___ Input records ___

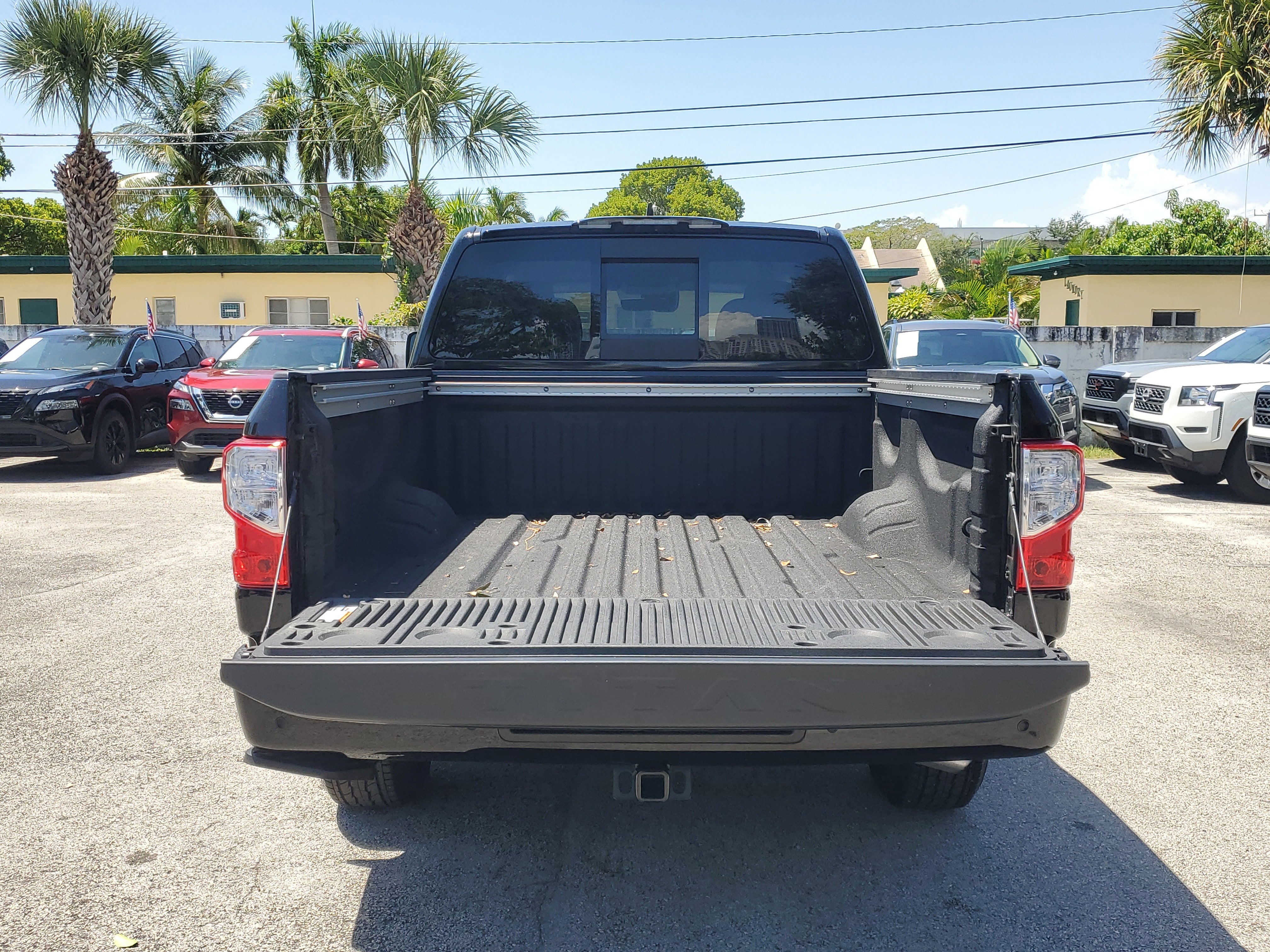 2024 Nissan TITAN Crew Cab SV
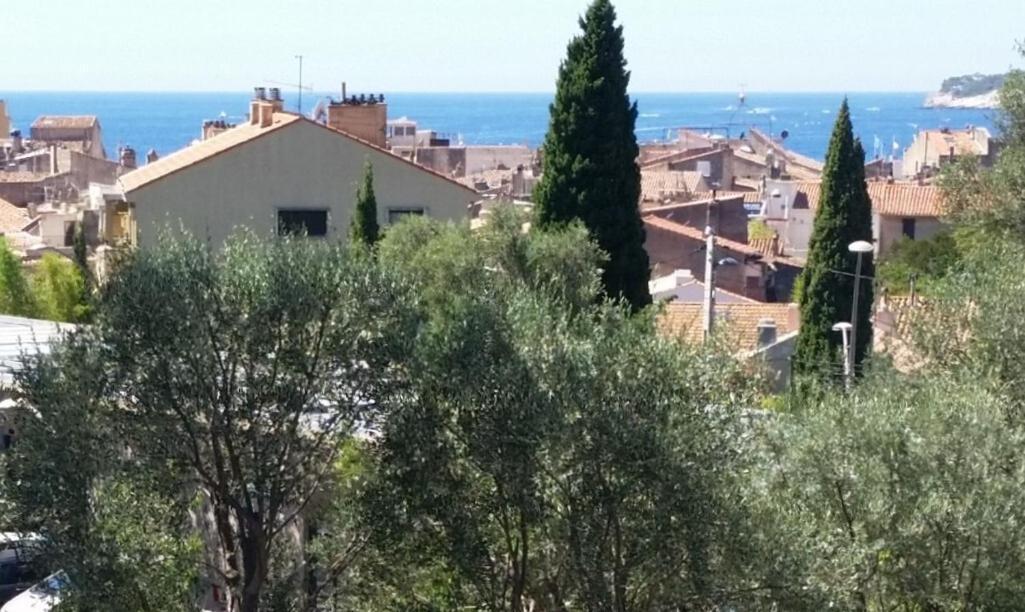 Hpc Suites - Cassis Centre - Parking Gratuit & Piscine Chauffee Hotel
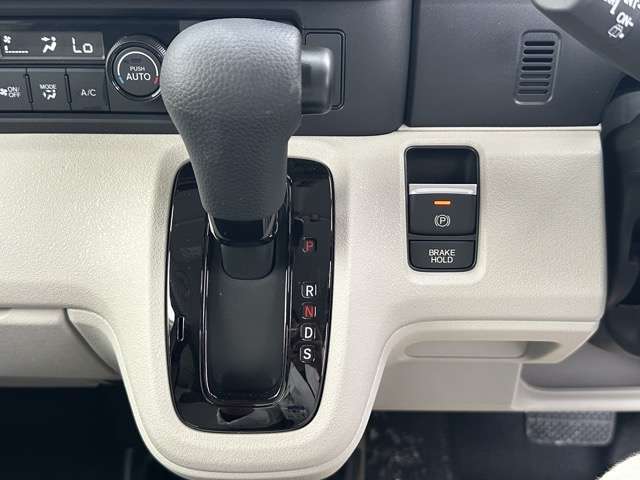 ★納車前に、当社の指定工場で納車前点検を行って納車しますので、安心してお乗りいただけます！もちろん、点検料は車両本体価格に含まれています！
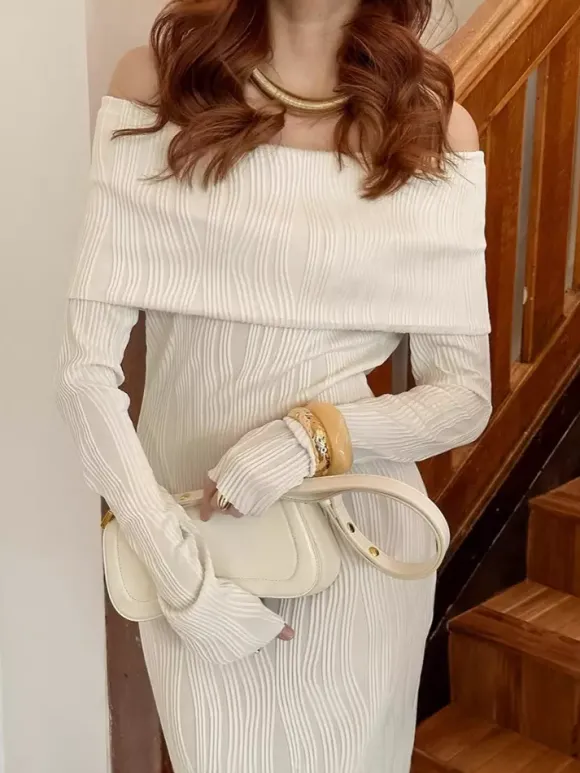 Robe longue plissée à épaules dénudées pour femme - Élégante robe moulante texturée crème - Manches longues - Tenue de soirée 2026
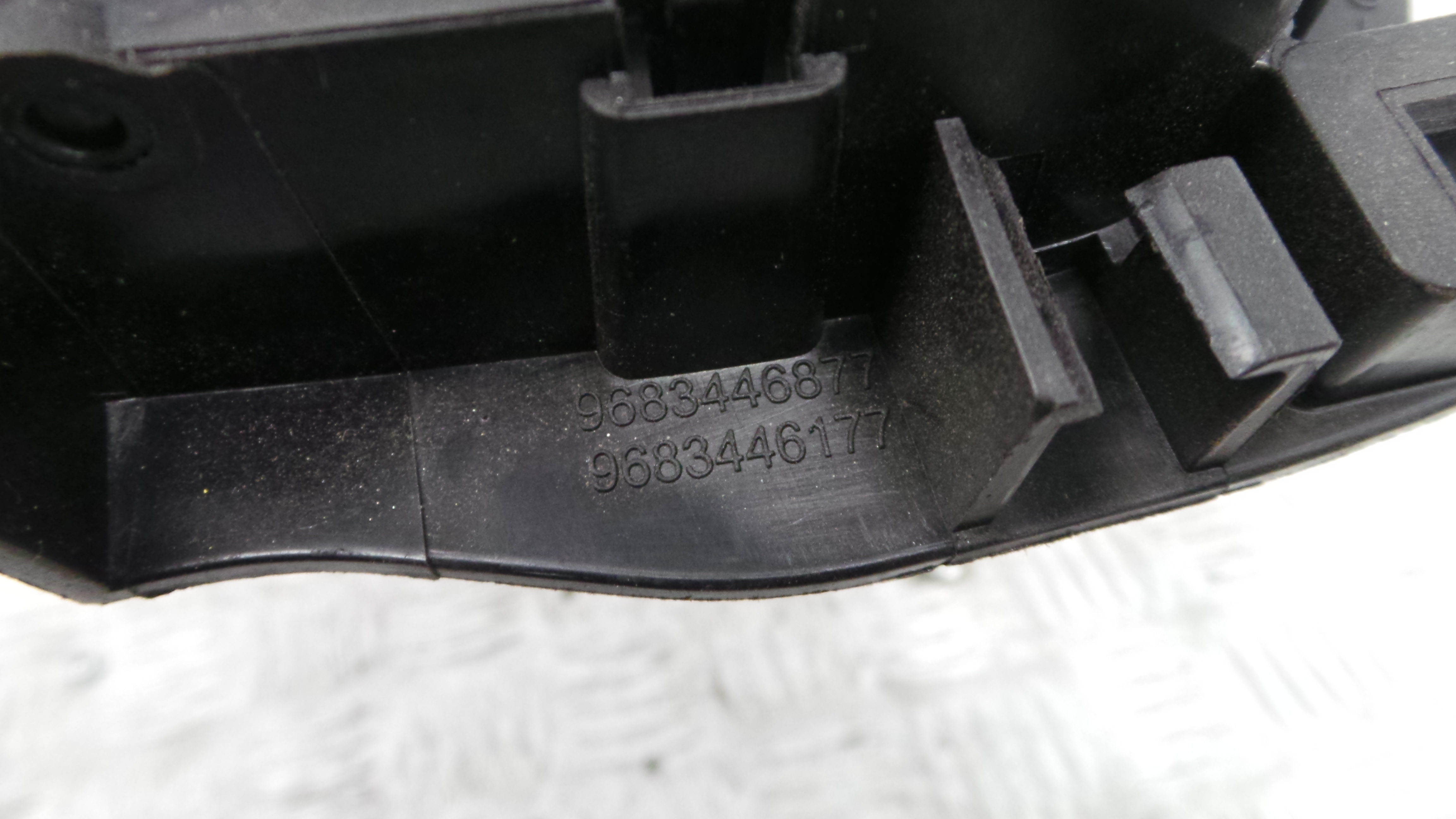 Puxador Interior Traseiro Esquerdo 9683446877 - CITROËN C3 II (SC_)-38062520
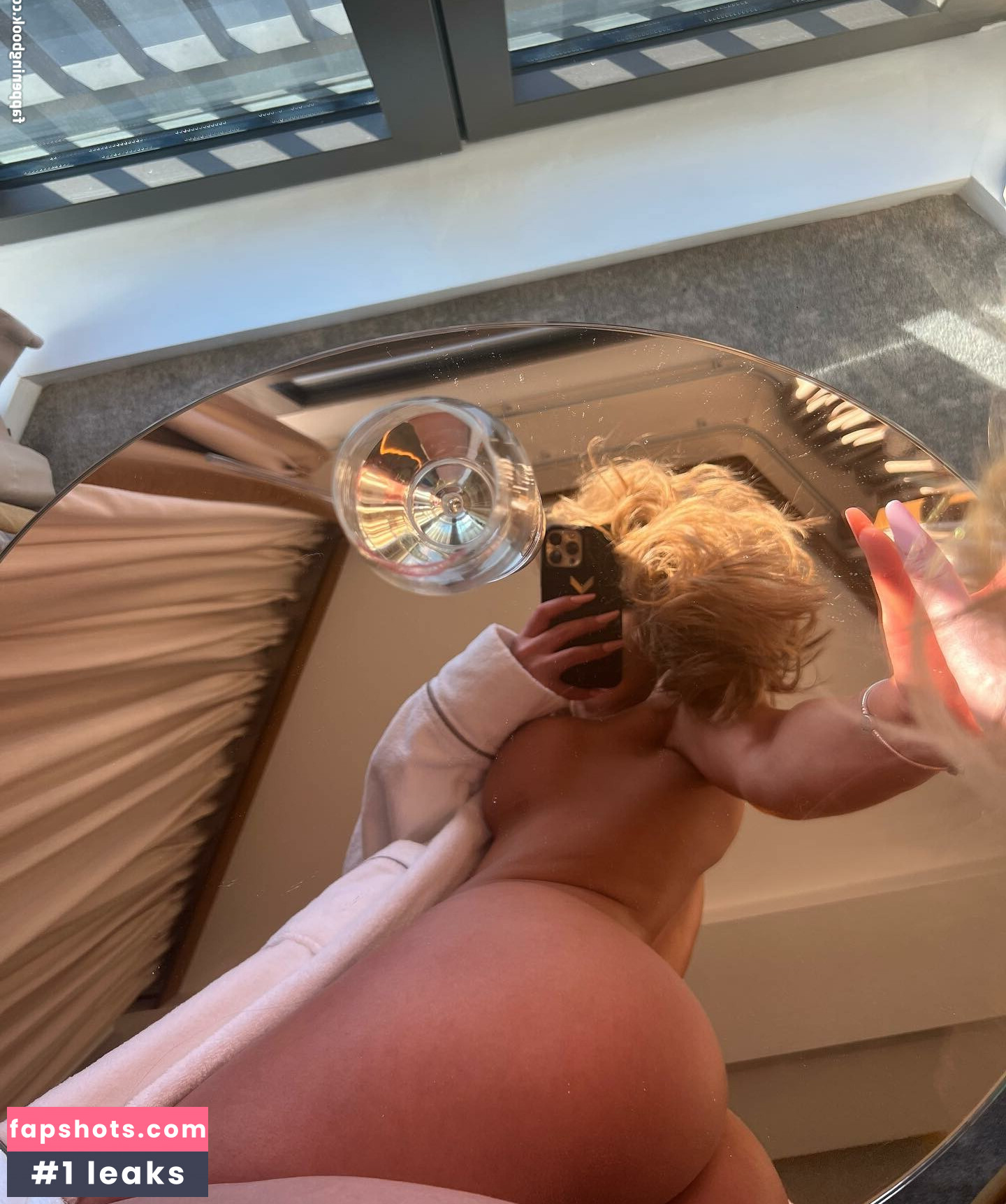 Ana Manta gallery photo #11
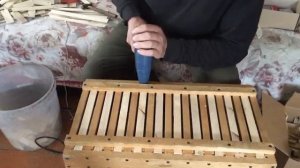 Сколачиваю рамки для пчёл .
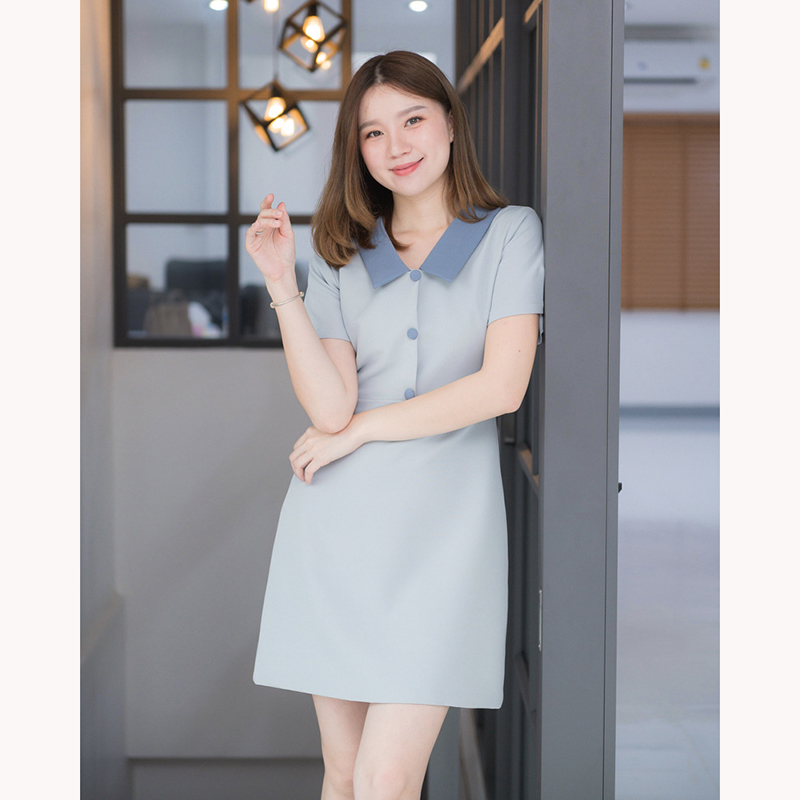 kudapy เดรสสั้นสีเขียว,มัทฉะ,ชมพูเข้ม,เขียวเลมอน,ดำ,ชมพูอ่อน,น้ำตาลเทาหม่น,ครีมชมพู,เทาฟ้า คอปกแขนสั้น กระโปรงทรงเอเล็กๆ แพทเทิร์นตัดต่อกลางตัวเสื้อแต่งกระดุมปั๊มสีเดียวกับปก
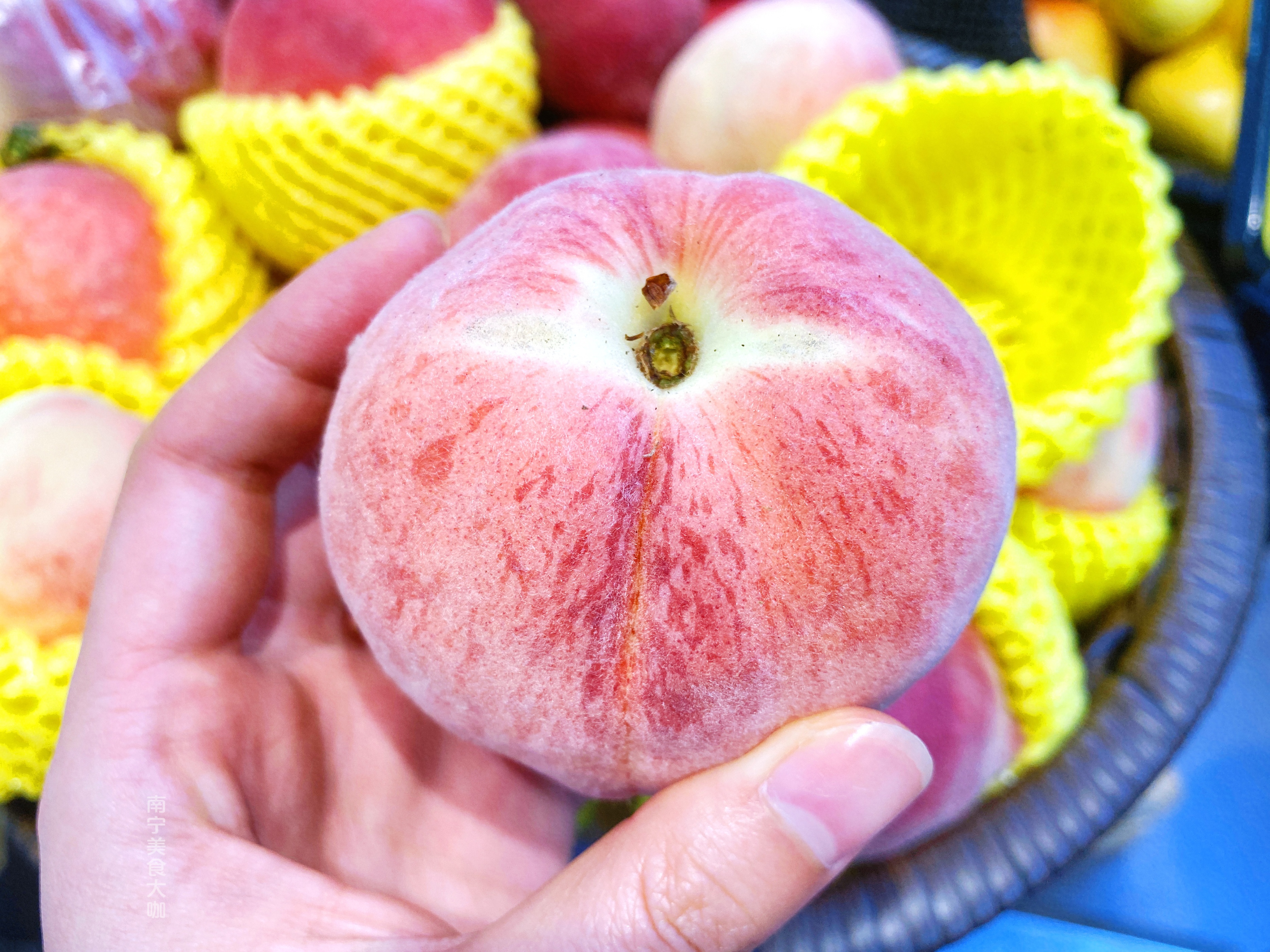 桃子有没有打激素,桃子怎样辨别打过膨胀剂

___

The reply should consist only of the lines running from the one with "Сколачиваю рамки для пчёл ." through the end of the material, both included, copied exactly; please omit pictures.

 Сколачиваю рамки для пчёл .
 kudapy เดรสสั้นสีเขียว,มัทฉะ,ชมพูเข้ม,เขียวเลมอน,ดำ,ชมพูอ่อน,น้ำตาลเทาหม่น,ครีมชมพู,เทาฟ้า คอปกแขนสั้น กระโปรงทรงเอเล็กๆ แพทเทิร์นตัดต่อกลางตัวเสื้อแต่งกระดุมปั๊มสีเดียวกับปก
 桃子有没有打激素,桃子怎样辨别打过膨胀剂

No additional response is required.